In [None]:
# Use t-SNE (t-Distributed Stochastic Neighbor Embedding) to visualize high-dimensional data in 2D or 3D.

from sklearn.datasets import load_digits
from sklearn.manifold import TSNE
import matplotlib.pyplot as plt

# Load the digits dataset
digits = load_digits()
X = digits.data
y = digits.target

# Apply t-SNE for 2D visualization
tsne = TSNE(n_components=2, random_state=42)
X_tsne = tsne.fit_transform(X)

# Plot t-SNE results
plt.figure(figsize=(10, 6))
scatter = plt.scatter(X_tsne[:, 0], X_tsne[:, 1], c=y, cmap='viridis', s=10, alpha=0.7)
plt.colorbar(scatter, label="Digit Label")
plt.title("t-SNE Visualization of Digits Dataset")
plt.xlabel("t-SNE 1")
plt.ylabel("t-SNE 2")
plt.show()

In [None]:
# Use UMAP (Uniform Manifold Approximation and Projection) for dimensionality reduction and visualization.

from umap import UMAP

# Apply UMAP for 2D visualization
umap = UMAP(n_components=2, random_state=42)
X_umap = umap.fit_transform(X)

# Plot UMAP results
plt.figure(figsize=(10, 6))
scatter = plt.scatter(X_umap[:, 0], X_umap[:, 1], c=y, cmap='plasma', s=10, alpha=0.7)
plt.colorbar(scatter, label="Digit Label")
plt.title("UMAP Visualization of Digits Dataset")
plt.xlabel("UMAP 1")
plt.ylabel("UMAP 2")
plt.show()

In [None]:
# Compare t-SNE and UMAP results to understand their strengths and use cases.
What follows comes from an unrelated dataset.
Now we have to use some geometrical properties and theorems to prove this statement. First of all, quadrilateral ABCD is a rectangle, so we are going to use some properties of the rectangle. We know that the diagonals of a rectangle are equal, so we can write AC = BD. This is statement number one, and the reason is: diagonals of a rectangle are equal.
fig, axes = plt.subplots(1, 2, figsize=(16, 6))

# t-SNE plot
axes[0].scatter(X_tsne[:, 0], X_tsne[:, 1], c=y, cmap='viridis', s=10, alpha=0.7)
axes[0].set_title("t-SNE Visualization")
axes[0].set_xlabel("t-SNE 1")
axes[0].set_ylabel("t-SNE 2")

# UMAP plot
axes[1].scatter(X_umap[:, 0], X_umap[:, 1], c=y, cmap='plasma', s=10, alpha=0.7)
axes[1].set_title("UMAP Visualization")
axes[1].set_xlabel("UMAP 1")
axes[1].set_ylabel("UMAP 2")

plt.tight_layout()
plt.show()

# t-SNE captures local structures but may struggle with global structure.
# UMAP balances both local and global structures, making it better for larger datasets.

In [None]:
# Use UMAP and t-SNE to uncover clusters or patterns in complex datasets.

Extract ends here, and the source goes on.